In This Review
Cuba on the Brink: Castro, the Missile Crisis, and the Soviet Collapse

Cuba on the Brink: Castro, the Missile Crisis, and the Soviet Collapse

By James G. Blight, Bruce J. Allyn and David A. Welch

Pantheon Books, 1993, 448 pp.

A fascinating and extremely well annotated transcription of the discussions held in Havana in January 1992 by a distinguished group of veterans and analysts of Cuba's role in the missile crisis of 1962. In addition to Fidel Castro himself, the participants included Ray Cline, Robert McNamara, Arthur Schlesinger Jr., General William Y. Smith, General Anatoly I. Gribkov, Sergo A. Mikoyan and Sergei N. Krushchev, among others. The most startling of the many revelations this book contains is the fact that nuclear warheads had been delivered to Cuba and were intended for installation on both intermediate-range ballistic missiles and shorter-range tactical nuclear weapons in the event of a U.S. invasion, and that Castro was ready for war, even nuclear war, during the crisis, a position that appears to have frightened Krushchev as much as it did Americans.
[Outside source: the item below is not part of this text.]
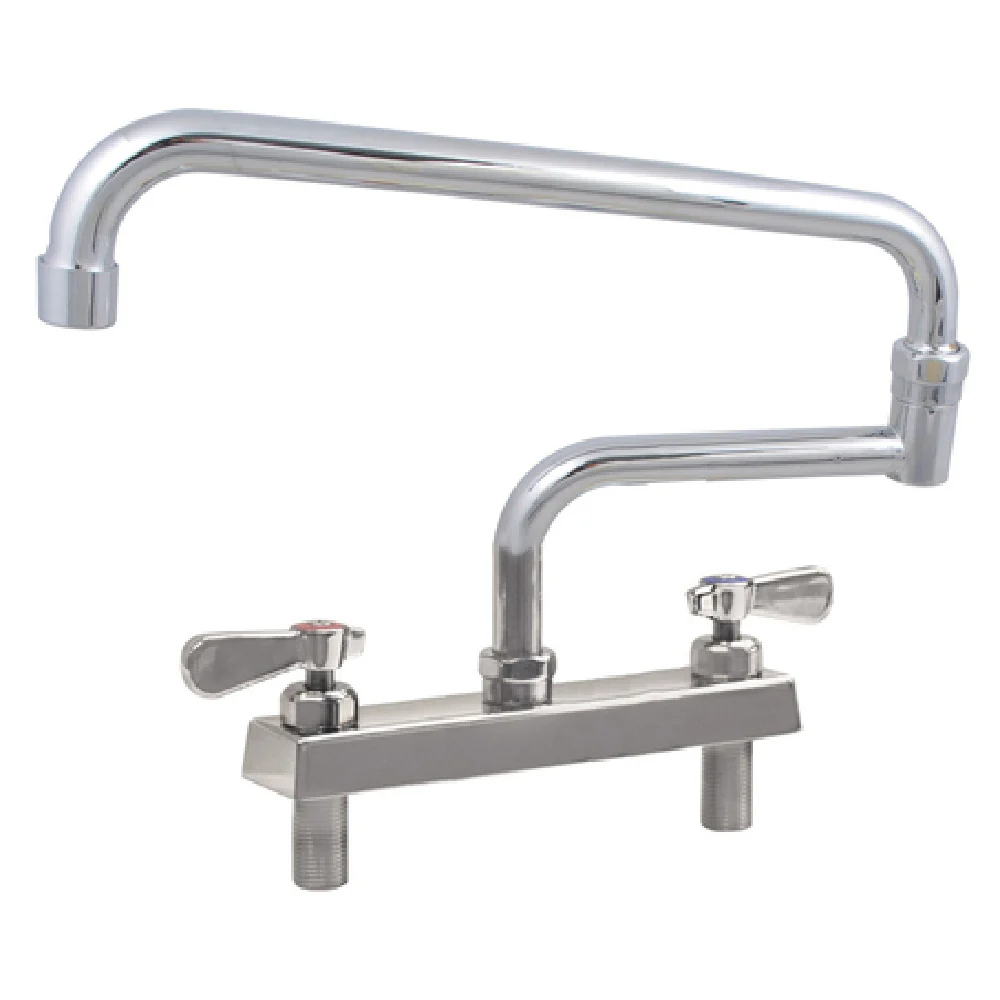 BK Resources EVO-8DM-18 8 Inch Centers Double Joint Spout Faucet Lead Free Stainless Steel with Ceramic Cartridges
The conference was cordial on the whole until the questions raised touched on current concerns in Cuban-American relations, and here there was more heat than light. Castro pointedly reminded his guests that, unlike most of them, he still spoke as a government official. As Jorge Dominguez reminds us in his introduction, the United States still objects to the very nature of the Cuban regime. Today as a third of a century ago, Fidel Castro and his associates still proclaim that they will defend their version of their homeland even if it means death. For what it directly tells us about one of the most dangerous confrontations of the twentieth century, and for what it indirectly tells us about the present, Cuba on the Brink is essential reading for any serious student of international affairs.